What needs to be done ::
Everything from the line containing "divisão. Brusque: 66,6%" through the last line of the listing below should be returned exactly, except for pictures.

Recorded data ::
• • •

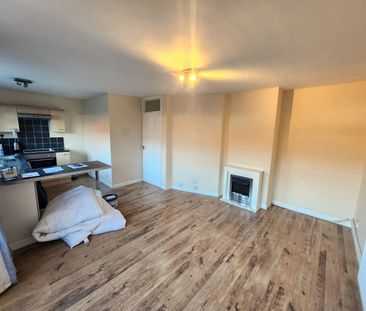 Holly Bush Lane, Stourbridge, DY8 4HH - Photo 2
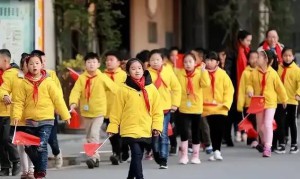 中小学生迎“头疼消息”，2024年放假时间出炉，家长看后犯愁了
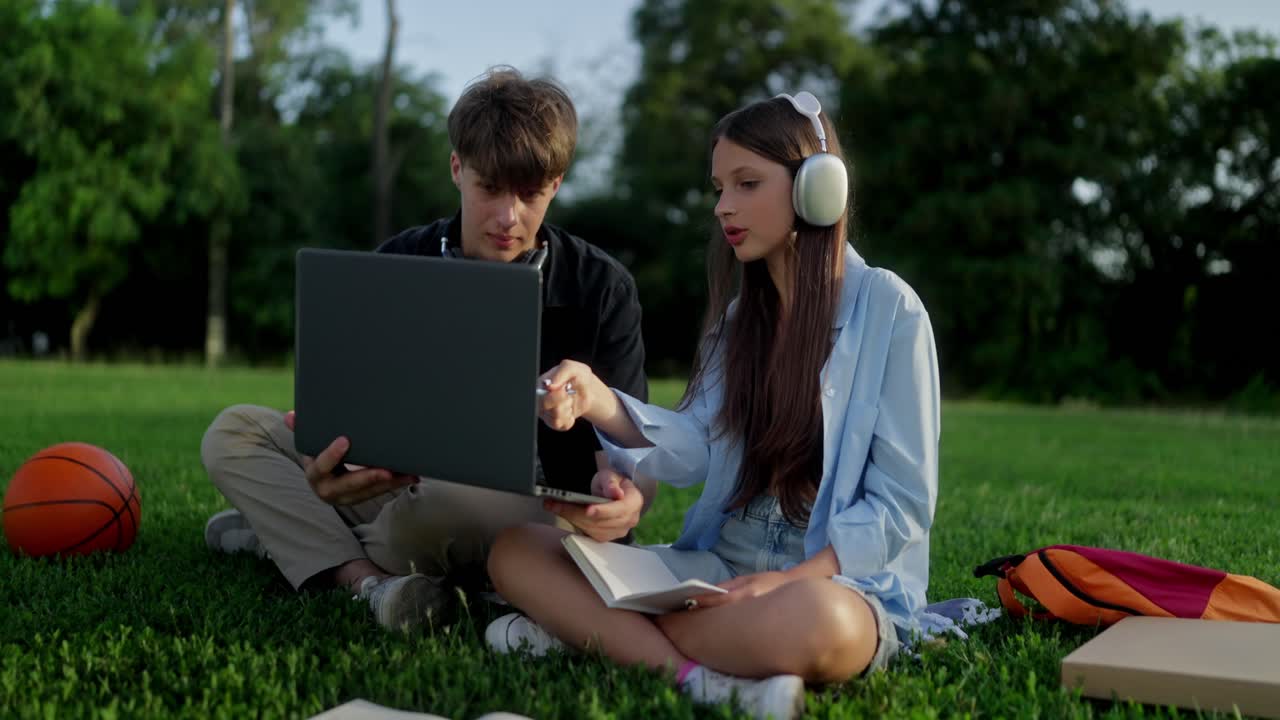 dos estudiantes jóvenes estudiando juntos en un parque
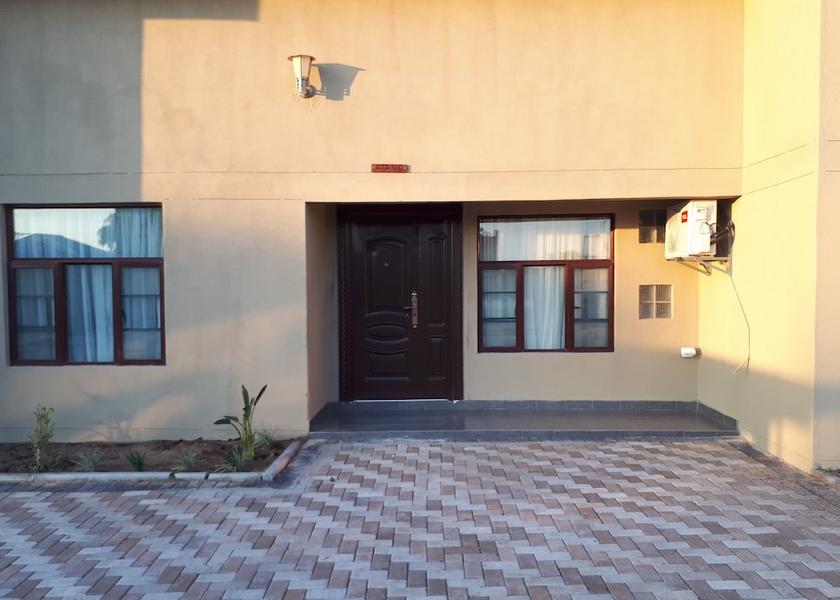  Maun Exterior Detail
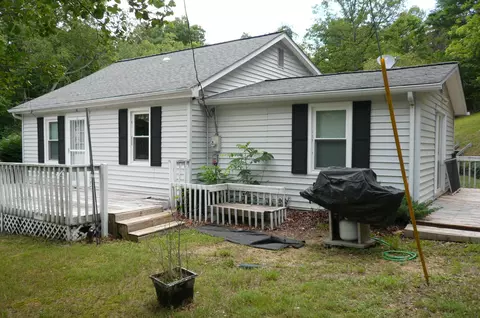 7330 Cove Hollow Rd, Elliston, VA 24087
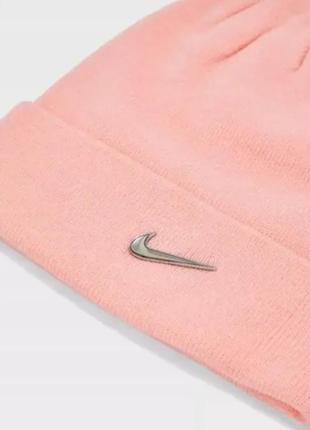 Шапка nike beanie metal swoosh beanie оригинал3 фото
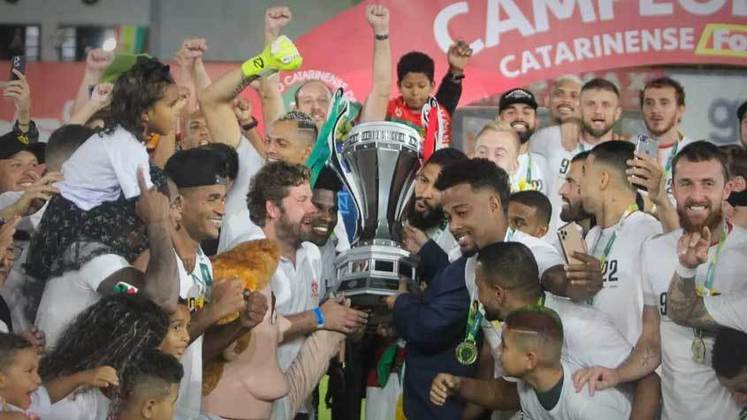 Brusque: 66,6% de aproveitamento no ano / O Brusque mostrou já no estadual o quanto está preparado pra Série B. A equipe foi campeã do Campeonato Catarinense e teve grandes números na competição. Os atacantes Alex Sandro, artilheiro do campeonato, e Fernandinho são as esperanças do clube para uma grande campanha na segunda divisão. Brusque: 66,6% de aproveitamento no ano / O Brusque mostrou já no estadual o quanto está preparado pra Série B. A equipe foi campeã do Campeonato Catarinense e teve grandes números na competição. Os atacantes Alex Sandro, artilheiro do campeonato, e Fernandinho são as esperanças do clube para uma grande campanha na segunda divisão.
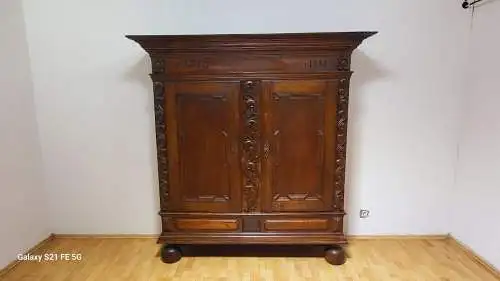 Antik Deutscher Barrock Schrank Kleiderschrank Wäscheschrank  Anno 1731  Jh.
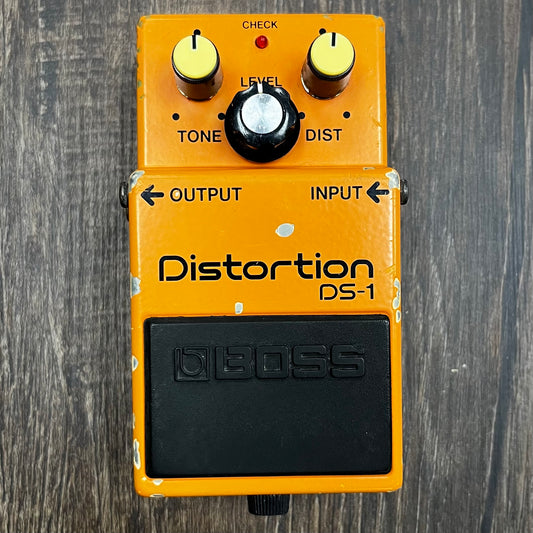 Top of Used Boss DS1 Distortion Pedal TFW247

• • •

Response for this exercise ::
 Brusque: 66,6% de aproveitamento no ano / O Brusque mostrou já no estadual o quanto está preparado pra Série B. A equipe foi campeã do Campeonato Catarinense e teve grandes números na competição. Os atacantes Alex Sandro, artilheiro do campeonato, e Fernandinho são as esperanças do clube para uma grande campanha na segunda divisão. Brusque: 66,6% de aproveitamento no ano / O Brusque mostrou já no estadual o quanto está preparado pra Série B. A equipe foi campeã do Campeonato Catarinense e teve grandes números na competição. Os atacantes Alex Sandro, artilheiro do campeonato, e Fernandinho são as esperanças do clube para uma grande campanha na segunda divisão.
 Antik Deutscher Barrock Schrank Kleiderschrank Wäscheschrank  Anno 1731  Jh.
 Top of Used Boss DS1 Distortion Pedal TFW247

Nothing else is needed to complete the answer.